** Exercise inputs follows **

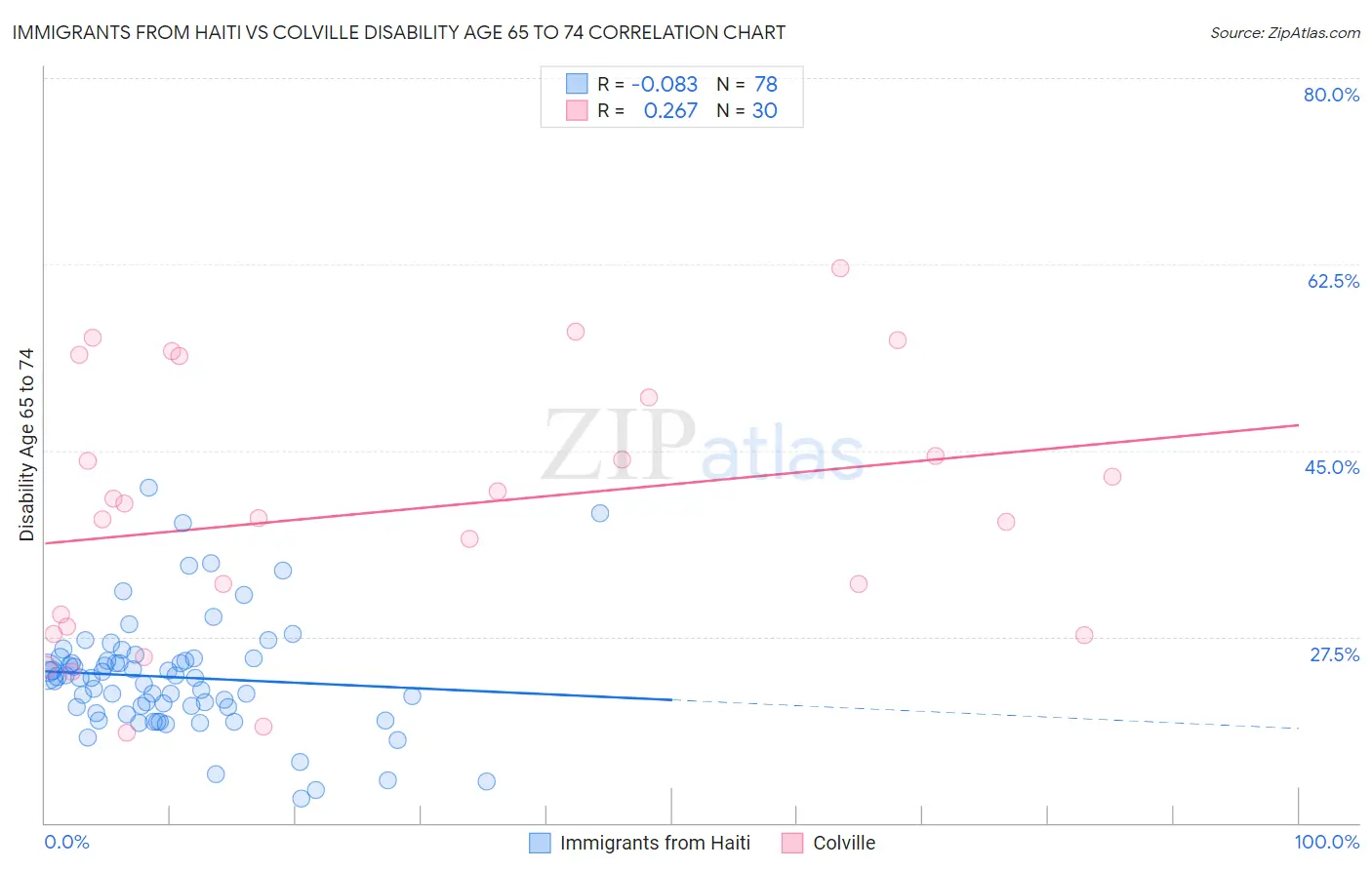 Immigrants from Haiti vs Colville Disability Age 65 to 74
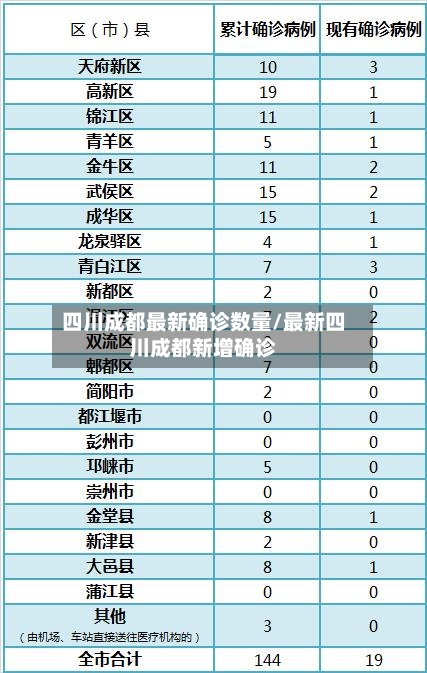 四川成都最新确诊数量/最新四川成都新增确诊-第2张图片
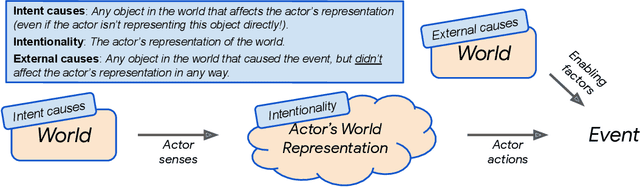 Figure 1 for Diagnosing AI Explanation Methods with Folk Concepts of Behavior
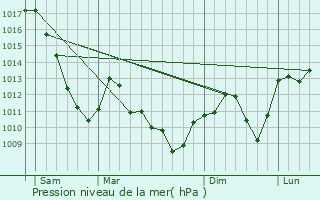 Graphe de la pression atmosphrique prvue pour Altenach
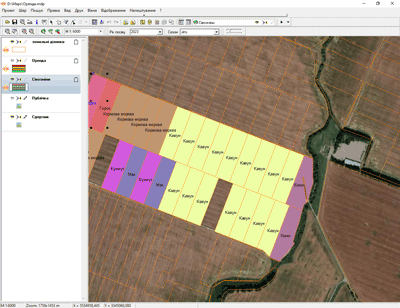 Display of fields (units) and rotations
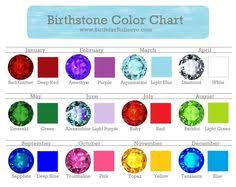 Birthstones By Month And Day Finding A Beautiful Birthstone Color Chart With Reliable Information Is A Real Trick Finally I M Birthstone Colors Chart Birth Stones Chart Birthstone Colors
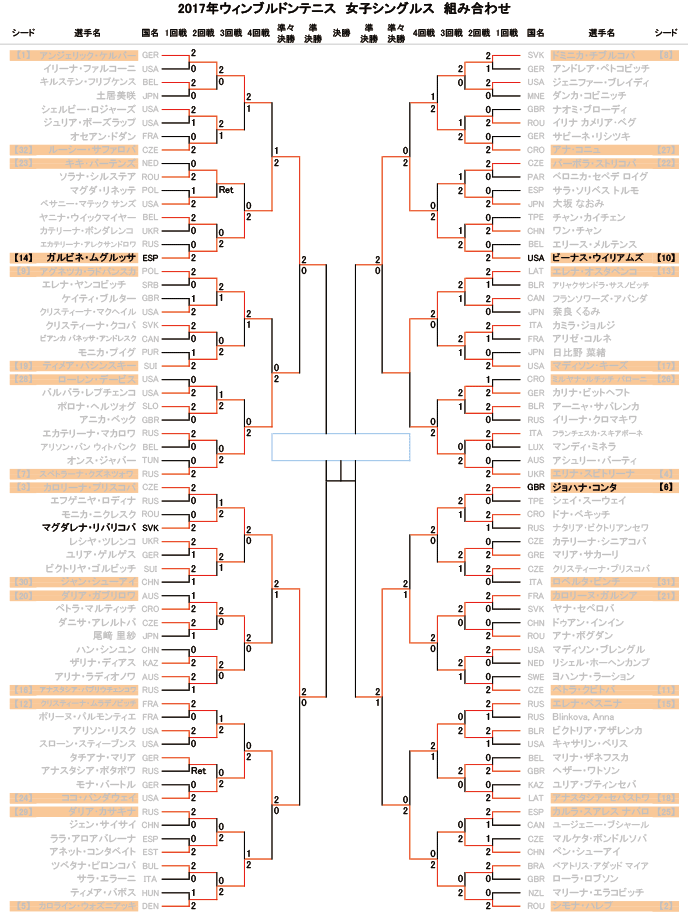 たうてに君ブログ 女子1位交代 Wb8日目てに たうてに君ブログ 女子1位交代 Wb8日目てに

** End of Exercise inputs **

#### Exercise details
Nothing but the lines from the one containing "四川成都最新确诊数量/最新四川成都新增确诊-第2张图片" to the last line of the records should be returned, exactly as they appear and without pictures.

#### Exercise answer
 四川成都最新确诊数量/最新四川成都新增确诊-第2张图片
 Figure 1 for Diagnosing AI Explanation Methods with Folk Concepts of Behavior
 Graphe de la pression atmosphrique prvue pour Altenach
 Display of fields (units) and rotations
 Birthstones By Month And Day Finding A Beautiful Birthstone Color Chart With Reliable Information Is A Real Trick Finally I M Birthstone Colors Chart Birth Stones Chart Birthstone Colors
 たうてに君ブログ 女子1位交代 Wb8日目てに たうてに君ブログ 女子1位交代 Wb8日目てに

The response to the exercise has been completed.